L’air frais était agréable. On entendait la petite guinguette du port et sa radio qui diffusait des chansons du top 50 des années 80. D’autres clients étaient venus s’installer aux tables sur le trottoir. Tout était calme. Hélène se sentait bien. Timothée en profita pour lui prendre la main ; elle ne la retira pas, se disant qu'elle aurait pu vivre une belle histoire avec ce James Bond d'un soir, parce qu'avec Patrick, la routine s'était installée, son boulot avait pris désormais toute la place. Trop à son goût. Et depuis un ou deux mois maintenant, il y avait ce désir qui pointait au creux de son ventre : elle voulait un enfant. Pour cela, il fallait un mari, du moins un homme, et un père... présent et attentif, pas un bourreau de travail qui ne pense qu'à son plan de carrière !

Ce soir-là, Hélène et Timothée formaient un joli couple, un peu à la Robert Doisneau : on aurait pu les prendre pour des amoureux.
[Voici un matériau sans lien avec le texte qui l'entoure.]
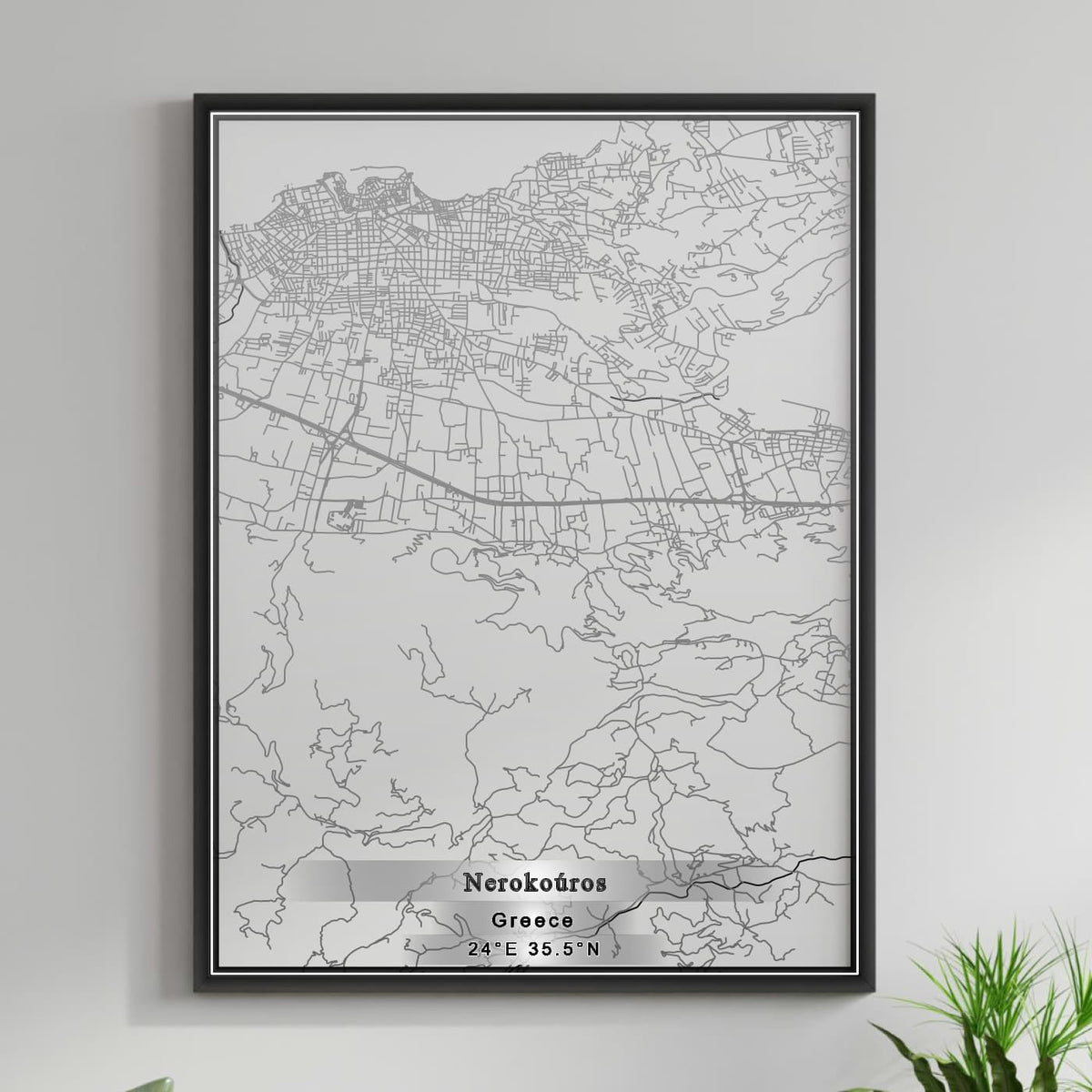 ROAD MAP OF NEROKOÚROS, GREECE BY MAPAKES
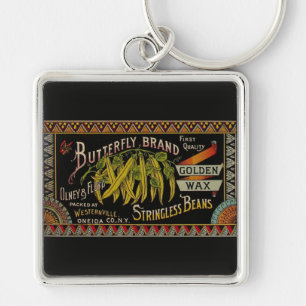 String Bean Label Vegetable Country Key Ring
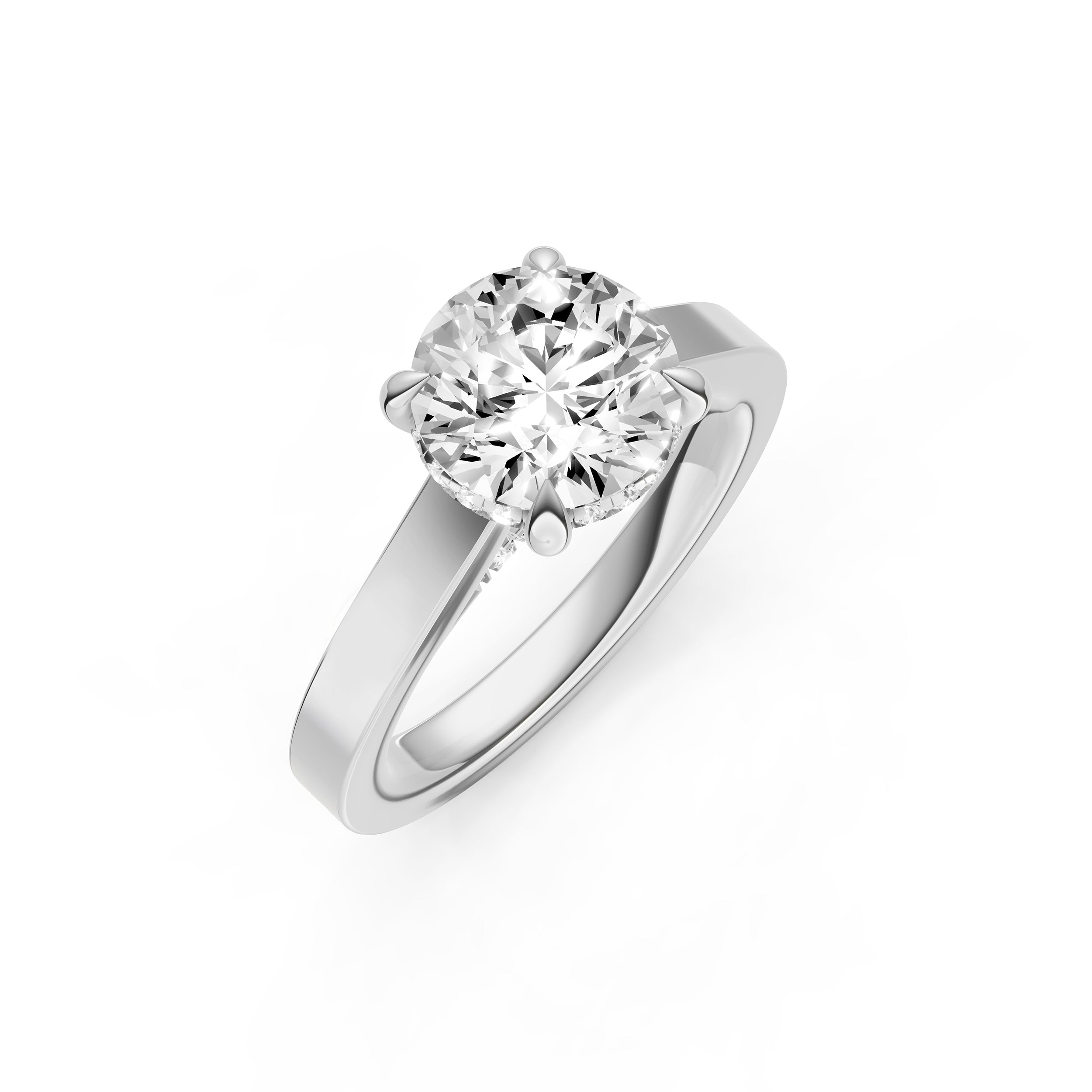 Diamond Bar Hidden Halo Engagement Ring (Round) Birmingham Jewelry Engagement Ring Birmingham Jewelry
Mais ils étaient collègues et amis, rien de plus. Si on le lui avait demandé, elle l'aurait présenté comme tel. Ce qu'il était d'ailleurs.

Elle avait bien le droit de prendre du bon temps et ils pouvaient bien se détendre après tout, ils ne l'avaient pas volée, cette soirée !

Le garçon arriva, la bouteille dans un seau à glace sous le bras et deux flûtes dans la main. Il les servit, Hélène d'abord, puis Timothée, leur souhaita « À votre bonne santé, Madame, Monsieur ! » et se retira, répondant à d'autres clients de la terrasse.